Der Band Die Achse ist hierbei keine Ausnahme. Daniel Hedinger versteht die auf seiner Habilitation (Ludwig-Maximilians-Universität München 2017) beruhende Arbeit als »Beitrag zu einer Globalgeschichte des Faschismus« im Rahmen der »transnationalen Faschismusforschung«, sieht im »glokalen Faschismus« eine »inhärente Globalität« und »transnationale Prozesse kumulativer Radikalisierung« wirken und so weiter und so fort.

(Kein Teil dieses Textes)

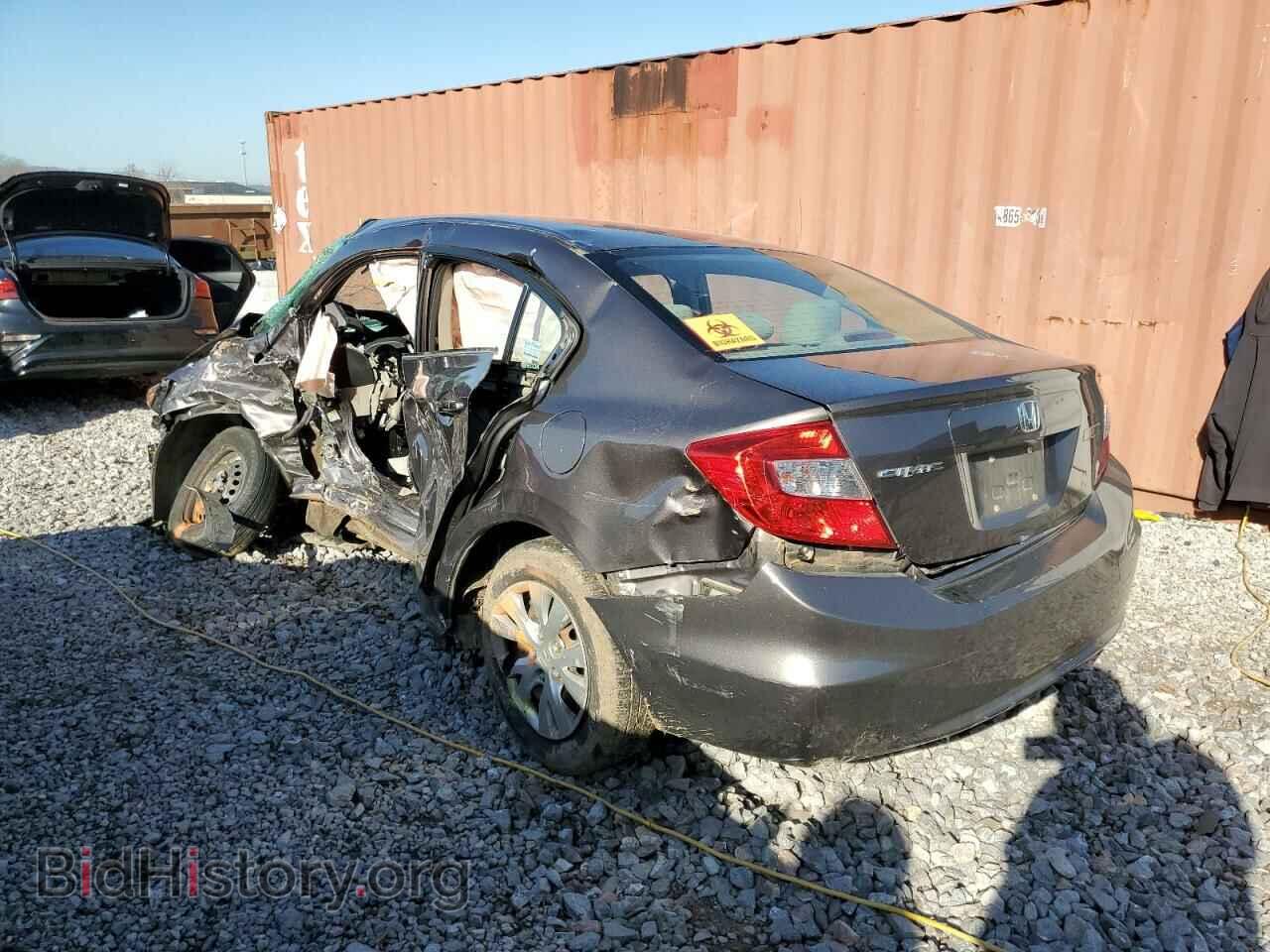 2012 HONDA CIVIC - VIN: 19XFB2F50CE062268 - Фото 2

Das muß man mögen oder zumindest tolerieren, sonst wird einem die Lektüre recht schnell vergällt. Der wissenschaftliche Mitarbeiter am Historischen Seminar der LMU München macht es einem geschichtsinteressierten Leser mit relativem Vorwissen aber auch so nicht unbedingt einfach, sich auf seine geschichtliche Schau der »Achse« zwischen Deutschland, Italien und Japan einzulassen, wenn man ihn an seiner verwendeten Literatur mißt.

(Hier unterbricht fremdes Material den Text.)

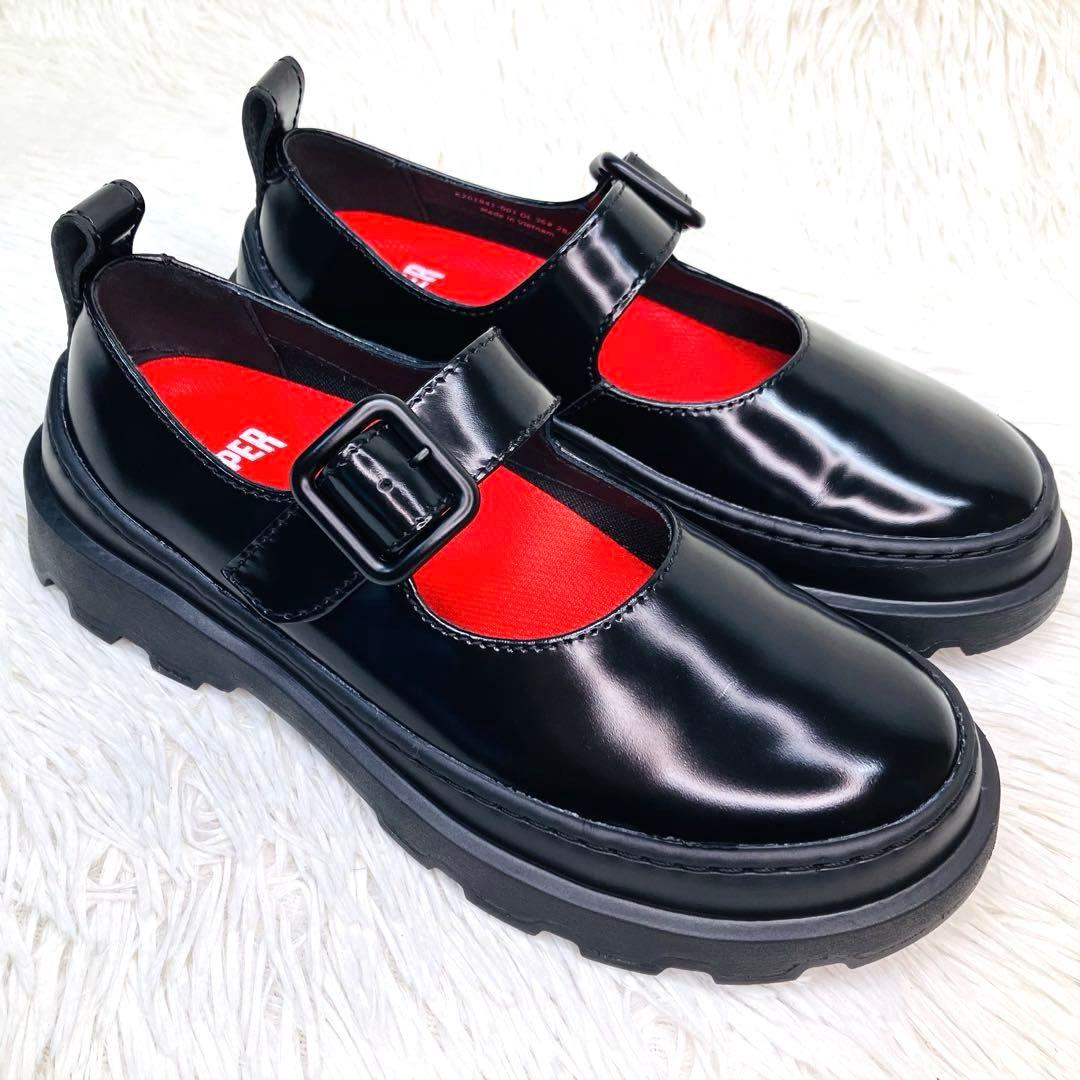 【未使用級】カンペール36 CAMPER BRUTUS+ブラックメリージェーン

Alle drei Länder werden ja für die Zeit ihrer teils widersprüchlichen Kooperation (im Kern: 1936 bis 1945, doch dorthin kommt der Autor erst ab Seite 182) apodiktisch als »faschistisch« eingruppiert – aber weder Ernst Nolte noch sein Gegenspieler Zeev Sternhell tauchen beispielsweise in der Bibliographie auf, ganz zu schweigen von Nischenprofis wie Hans Werner Neulen, obschon Hedinger immer wieder von der Europäisierung und dann Universalisierung des Faschismus spricht. Um ideenpolitische und ideologische Basisdefinitionen steht es denkbar schlecht, und ähnlich verhält es sich immer dann, wenn es nicht um chronologische Detailbeschreibungen geht – dieses Handwerk beherrscht Hedinger –, sondern um Wertungen bzw. Deutungen.
Ein erstes Beispiel: Die Internationalisierung der Achse, indem NS-Deutschland seine Vasallen wie Rumänien oder den Unabhängigen Staat Kroatien dem Dreimächtepakt zwischen Berlin, Rom und Tokio beitreten ließ, entspreche dem »Ideal faschistischer Hierarchisierung«. Aber bitte, wenn dies der Gradmesser sein soll: Was war dann die von Moskau ausgehende und von den Satelliten widerspruchslos zu erduldende dogmatische Führung der Kommunistischen Internationalen (Komintern): Ultrafaschismus?
Ein zweites Beispiel: »Der« Faschismus wird im ganzen als »Antiglobalisierungsbewegung« gefaßt, »die das Heil im Nationalen suchte«. Dabei wird anhand Hedingers präziser Darlegung der deutsch-italienisch-japanischen Außenpolitiken doch deutlich, wie das (als gestrig verlachte) Nationale eben von allen drei Akteuren der Achse zugunsten eines (morgigen) raumgreifenden Imperialen verworfen wurde.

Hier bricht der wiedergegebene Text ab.